Young, Williams Holm, Keith Miller and Alfred D. Raun, for appellant.

Mark J. Ryan, for appellee.

Heard before SIMMONS, C. J., CARTER, MESSMORE, YEAGER, CHAPPELL, WENKE, and BOSLAUGH, JJ.


Elmer W. Ring brought this action to recover damages for personal injuries alleged to have been proximately caused by the negligence of defendant Richard J. Kruse, his agents and employees.
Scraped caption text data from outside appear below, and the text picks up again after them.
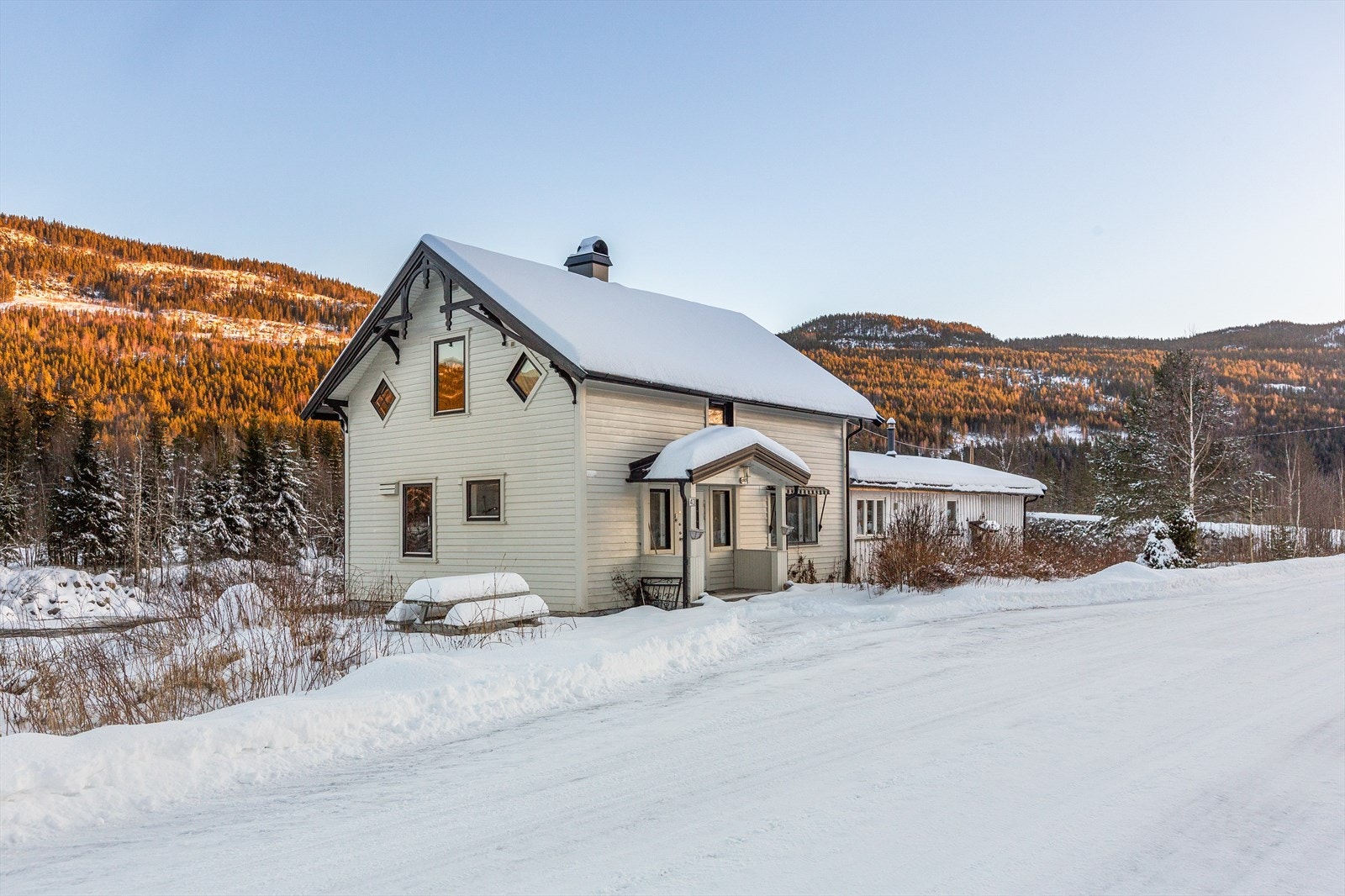 I nærområdet er det fint turterreng sommer som vinter. Her finner en stølsveier og stier for fot- og sykkelturer, og oppkjørte skiløyper til topper med vid utsikt. Galleribilde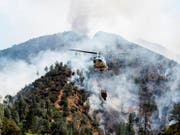 Lösch-Helikopter versuchen das sogenannte Ferguson-Feuer in der Nähe des Yosemite-Nationalparks in Kalifornien zu löschen. (Bild: KEYSTONE/AP The Merced Sun-Star/ANDREW KUHN)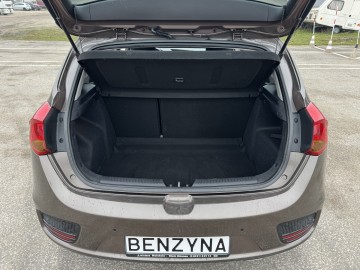 Kia Ceed 1.4 BENZYNA Klimatyzacja Ledy Podgrzewane Fotele
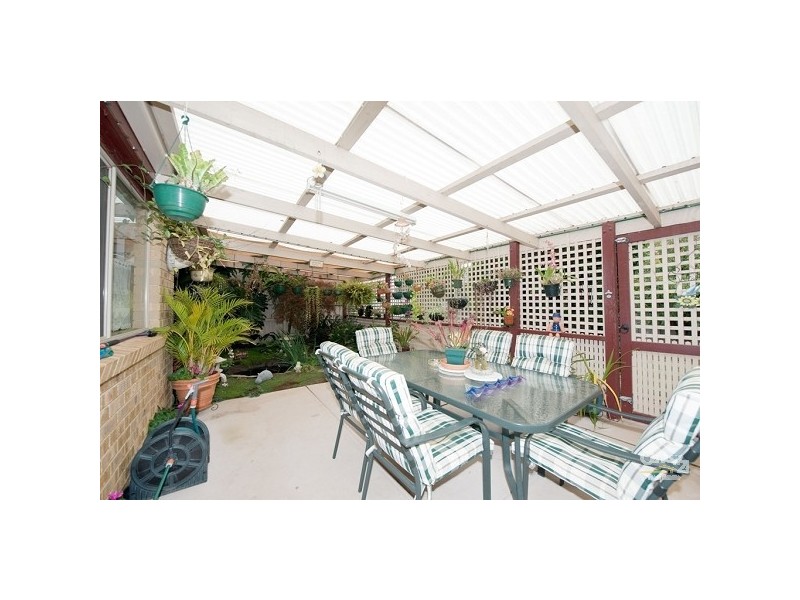 18 Cahill Drive, Brookfield VIC 3338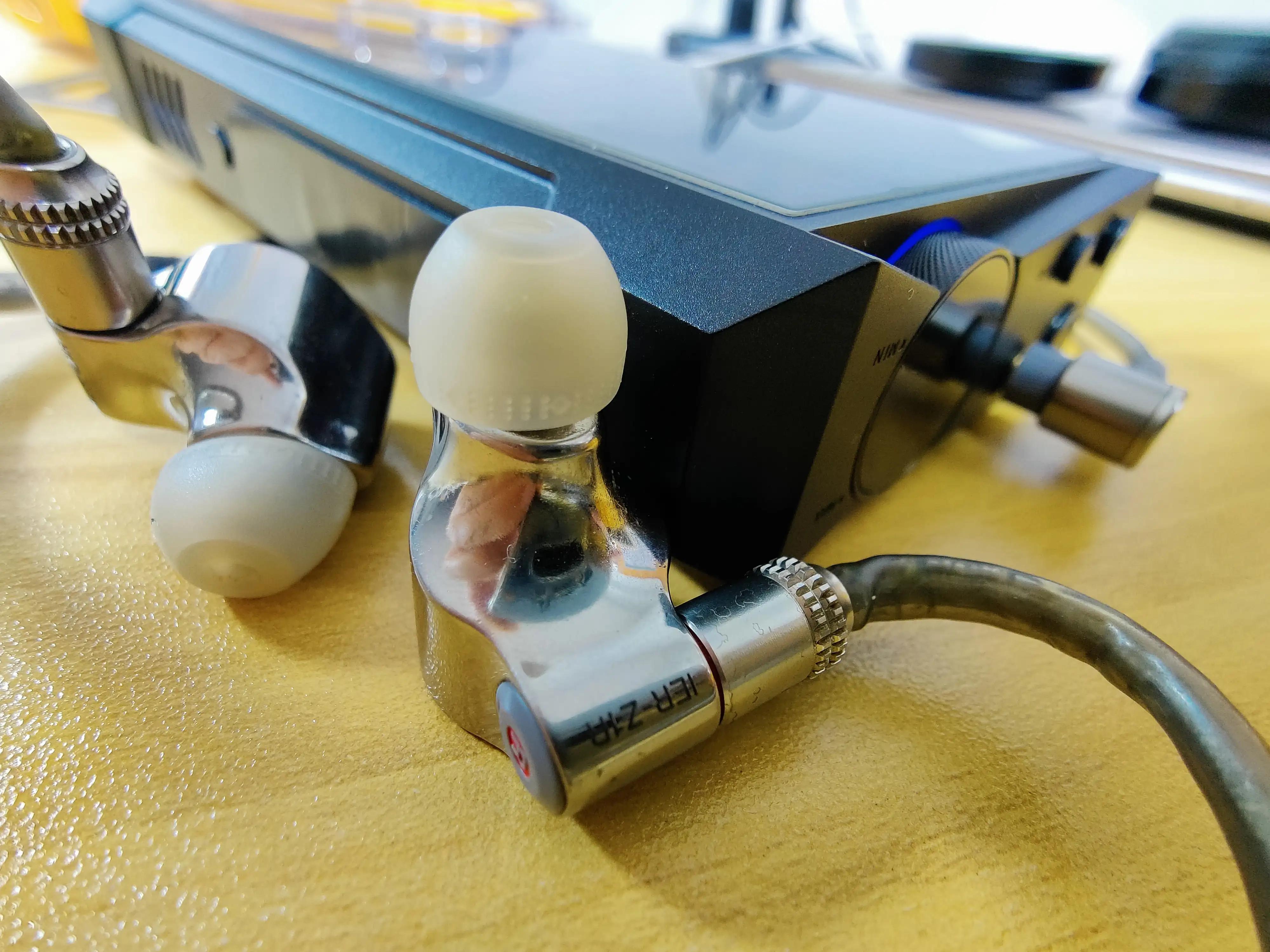 索尼ex1000对比z1r,索尼z1r耳机和ex1000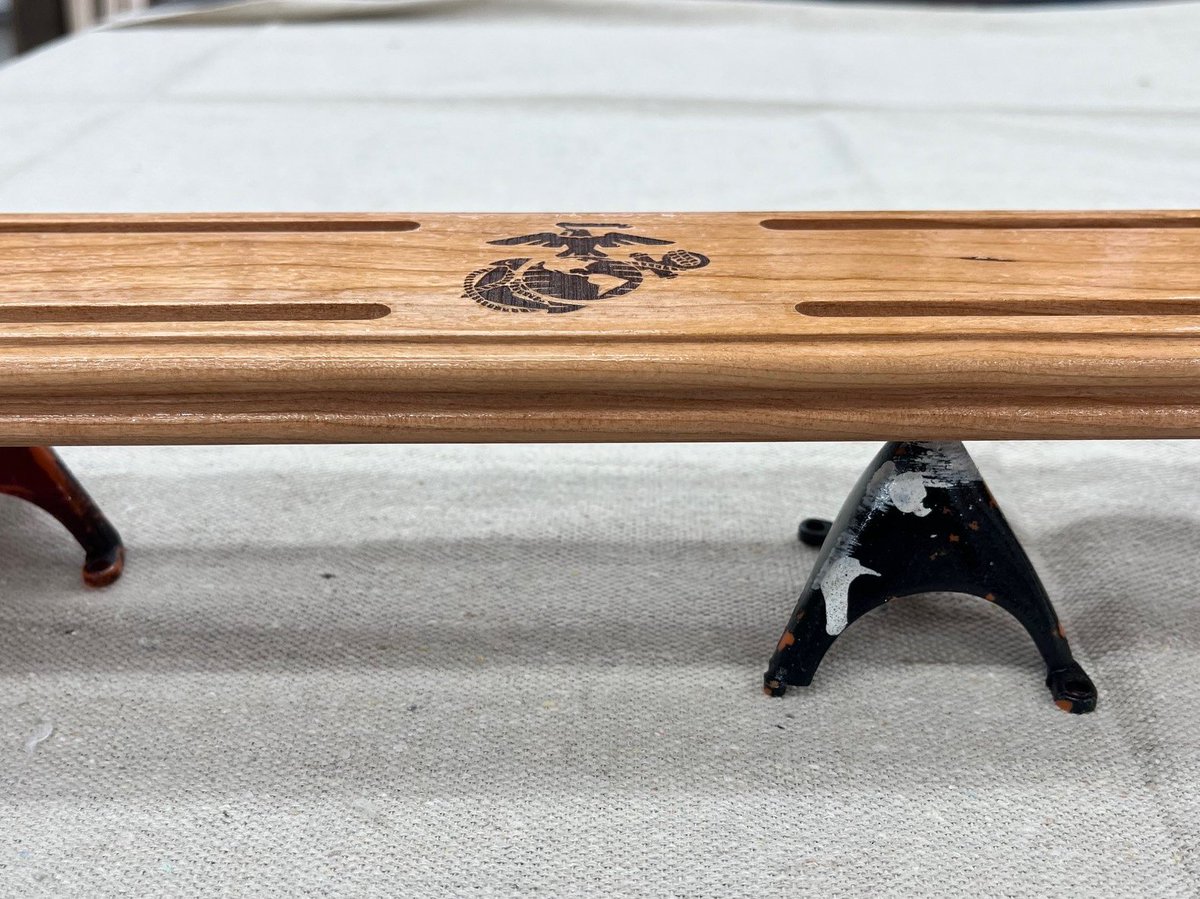 GreenDuckCustom's tweet image. Just finished spraying these military challenge coin displays for a customer (the finish is still wet in the photos).  Hardwood Black Cherry finished with Target Coatings EM8000 Conversion Varnish.   Check the link for more info: greenduckcustoms.com/shop/p/marsocu…

#veterans #challengecoin…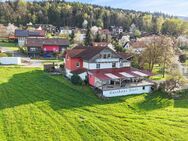 Geräumiges Zweifamilienhaus mit separatem Grundstück in Rimbach! - Rimbach (Regierungsbezirk Oberpfalz)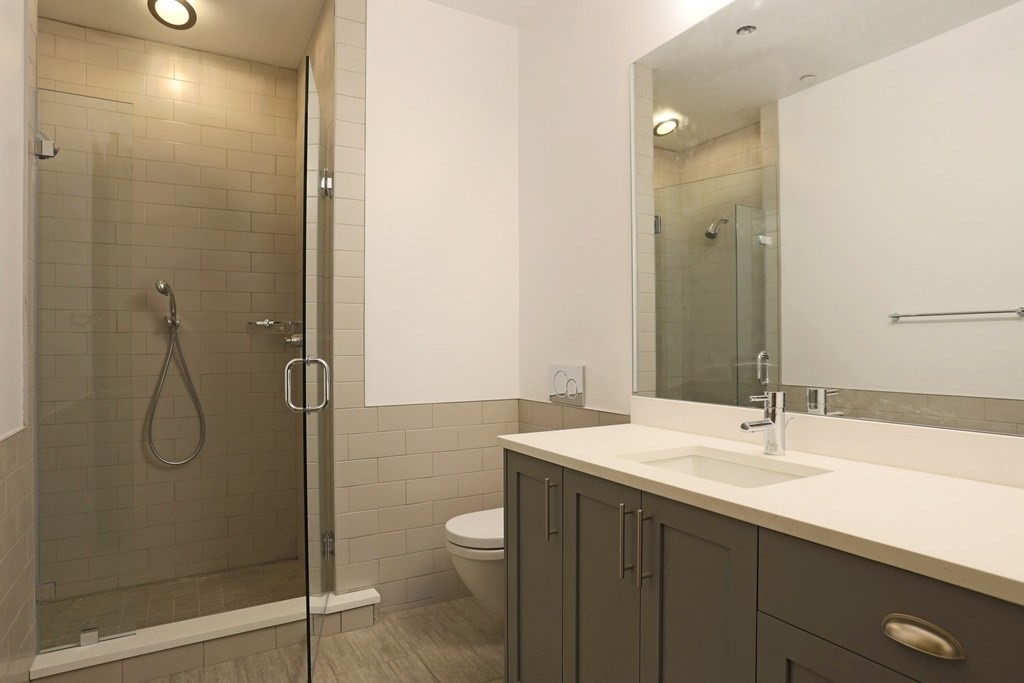 144 Lincoln Street # 6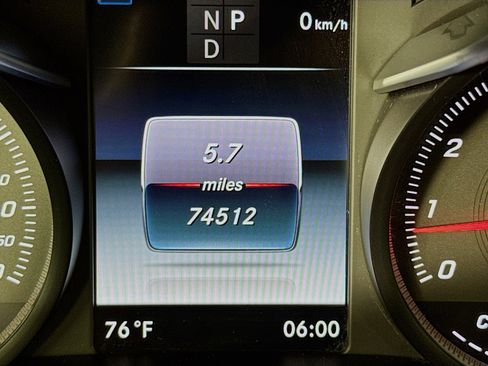 Used 2018 Mercedes-Benz GLC 300 image 15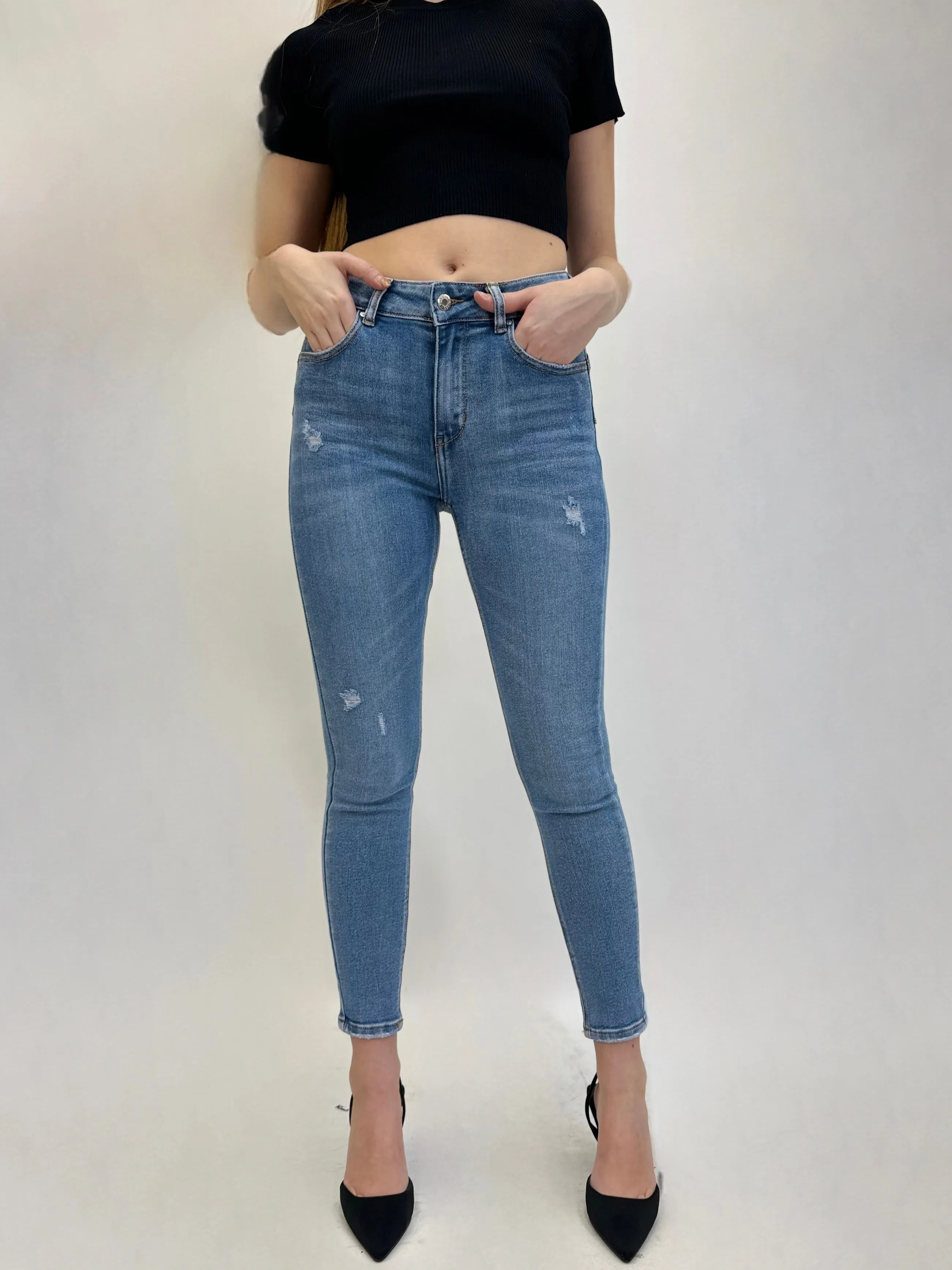 Pantaloni jeans skinny vita media effetto push up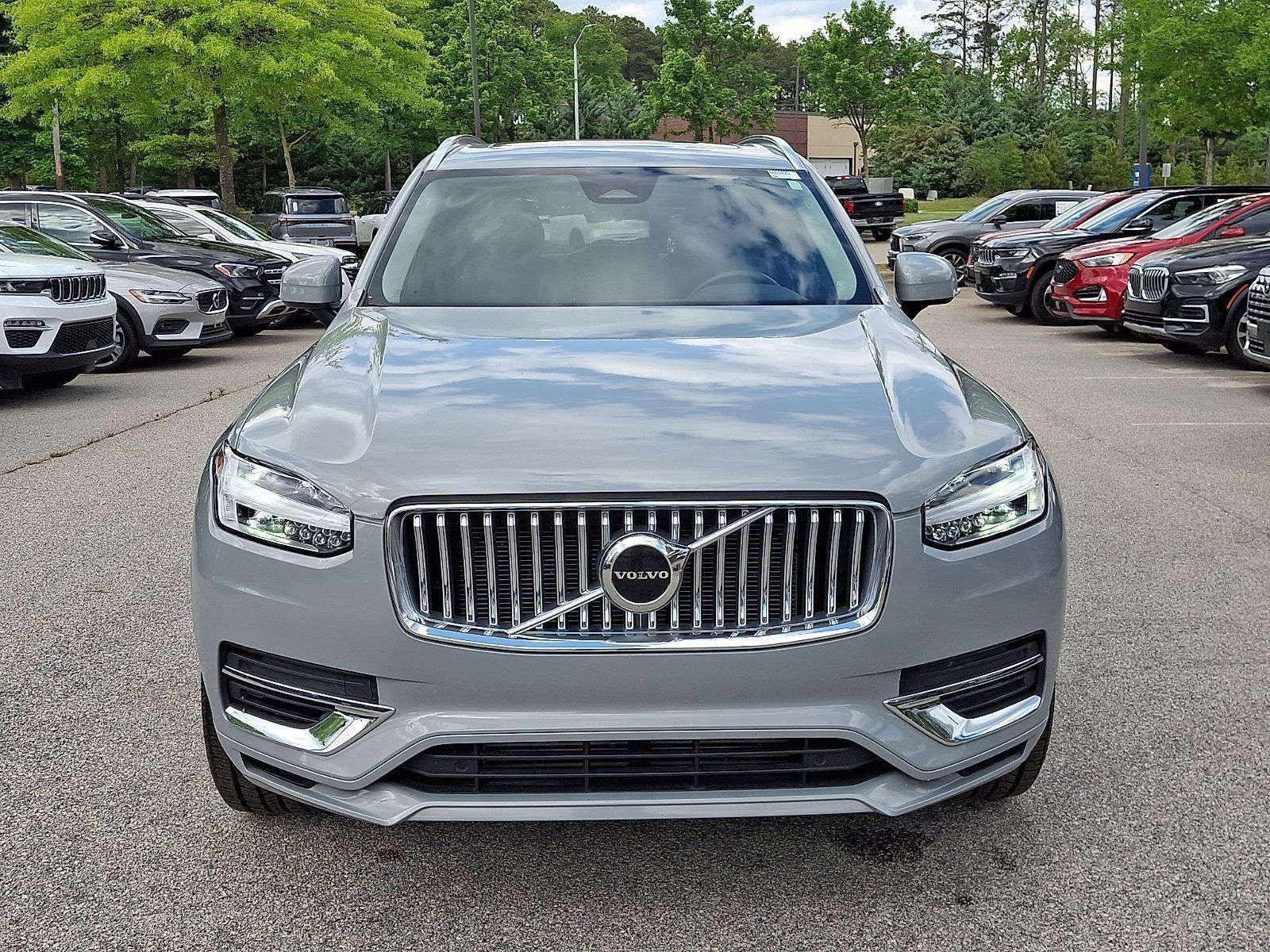 Used 2025 Volvo XC90 T8 Core w/ Protection Package AWD/4WD image 2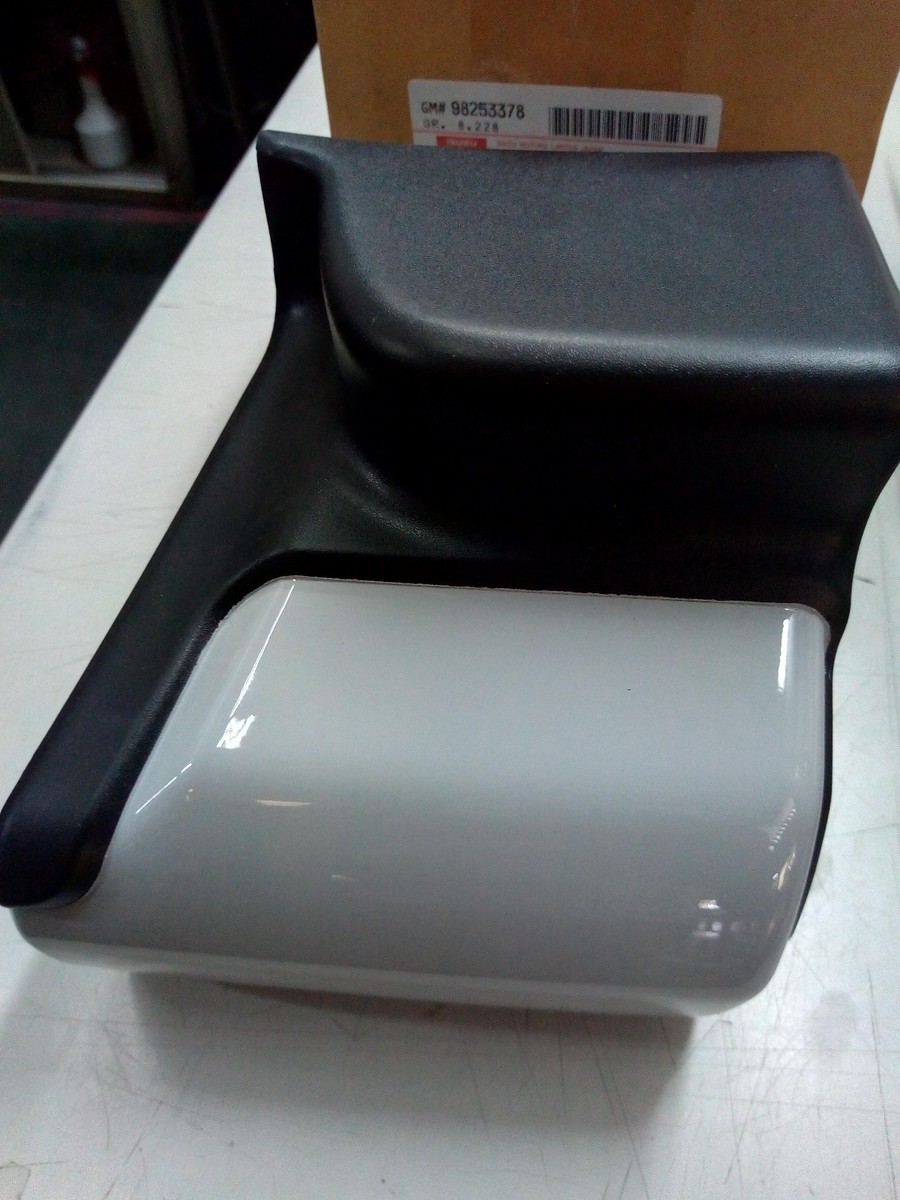 ISUZU MU-X COVER END SIDE STEP LEFT STAIRS 2014-2018 Genuine PARTS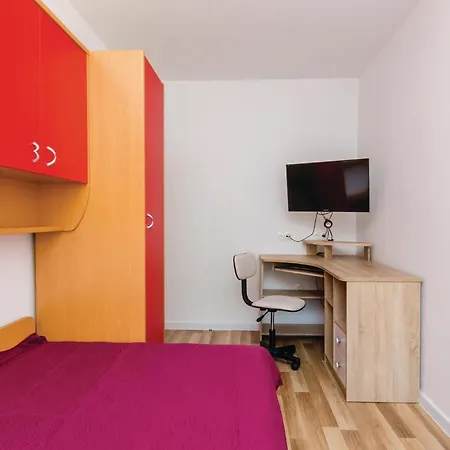 Three-bedroom In Feriehus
His agents and employees were Paul Johnson, foreman of defendant's livestock and feeding operations in Thurston County, who had general charge of employing, supervising, and discharging help on defendant's farm and who employed plaintiff on February 3, 1949, to help them "a few days," and Fred Drapeau, a farm hand, who plaintiff alleged was a superior employee or servant, authorized to give orders and directions to plaintiff, an alleged subordinate employee.

The negligence charged by plaintiff was in ordering and directing him to start a defective International farm tractor, property of defendant, by cranking it by hand while another tractor was being used to start it by means of a belt and pulley, and in furnishing plaintiff defective and unsafe machinery with which to work, which allegedly placed plaintiff "in an unusual and extraordinarily hazardous position in his employment, and that condition could not have been known or could have been foreseen by him; that plaintiff was unfamiliar with the defective condition of said tractor, its magneto, and its spark plugs." Defendant for answer denied generally but admitted that he was engaged in livestock feeding and farm operations; admitted that Paul Johnson was his manager or foreman thereof, who so employed plaintiff on February 3, 1949; and admitted that plaintiff received a broken arm while starting the tractor belonging to defendant. Defendant then alleged that injuries received by plaintiff, who was an experienced operator of tractors like the one involved, and familiar with all the details of starting same, were solely and proximately caused by plaintiff's own negligence, in that he voluntarily attempted to start the tractor without putting down the impulse on the magneto thereof. Both at conclusion of plaintiff's evidence and at conclusion of all the evidence, defendant moved to direct a verdict, but such motions were overruled and the issues were submitted to a jury which returned a verdict for plaintiff in the sum of $2,500, and judgment was rendered thereon. Defendant's respective motions to vacate and set aside the verdict and judgment and correct the court's alleged error in overruling his motion to direct a verdict "at the condlusion (sic) of all of the testimony," and for new trial, were overruled. Thereupon defendant appealed, assigning substantially that: (1) The verdict and judgment were not sustained by sufficient evidence and were contrary to law, as in violation of the doctrines of assumed risk, contributory negligence, and fellow servants; and (2) the trial court erred in admitting certain incompetent evidence and in the giving and failing to give certain instructions. We sustain the first assignment, and for that reason the giving or failing to give instructions requires no further discussion.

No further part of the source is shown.